Using the cloud in this way requires establishing a hybrid compute resource that uses the cloud for computation, and local hardware for storage. For some groups — like the CLoVR initiative, which is focused on microbial genomes — network latency may not be such a factor when uploading and downloading datasets. However, when the work involves moving multiple human genome datasets in and out of the cloud of a regular basis, bandwidth limitations can be costly from a time-management perspective, if research is stalled during an upload or download. This is essentially the argument for genomics data storage on the cloud: If the data is kept close to the compute resource up on the cloud, bandwidth is no longer an issue. Unless of course, results or additional data need to be downloaded or uploaded, which is often the case.
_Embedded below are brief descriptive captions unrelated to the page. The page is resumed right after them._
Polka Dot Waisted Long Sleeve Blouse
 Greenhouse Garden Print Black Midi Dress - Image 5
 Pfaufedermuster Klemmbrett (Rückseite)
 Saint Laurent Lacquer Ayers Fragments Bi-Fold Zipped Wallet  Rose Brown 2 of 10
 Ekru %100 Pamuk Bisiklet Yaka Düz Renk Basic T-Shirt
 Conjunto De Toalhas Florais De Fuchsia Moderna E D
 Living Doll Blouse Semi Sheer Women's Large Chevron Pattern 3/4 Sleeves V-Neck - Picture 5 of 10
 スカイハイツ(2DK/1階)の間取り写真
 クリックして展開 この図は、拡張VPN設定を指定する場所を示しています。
The concerns associated with time management, in addition to privacy issues, are why Vas Vasiliadis, director of products, communication, and development at the University of Chicago Computation Institute, is working with researchers on strategies to create the ideal hybrid computing environments using common workflows like the Galaxy next--generation sequence analysis pipeline — where all the concerns about ease of use, scalable compute resources, privacy issues, and network latency are much more manageable. "At some point, having all the data up there is probably the way things will go. As to when that happens, it's anybody's guess," Vasiliadis says. "It's about overcoming some of the issues, so from a practical standpoint, most people will have a hybrid environment and that will be driven by the challenges of getting data to and from the location of the compute cluster, so it's going to be a while."
A lower hurdle
While the barriers to entry into the cloud world for biologists is getting smaller thanks to the efforts of these new startups and open source academic groups, there still seems to be some debate about how easy it's really getting to use the cloud.
"There is still a small percentage of users that are IT savvy enough so that they can navigate their way through the various cloud services and bring in the right piece," Vasiliadis says. "There are providers that are wrapping their stuff in a Web point and click in Amazon and other providers. But there's still a pretty good gap between having some of those totally new to the cloud to show up in lab and say 'Go run this pipeline in Amazon' — making that happen, we still have some work to do there."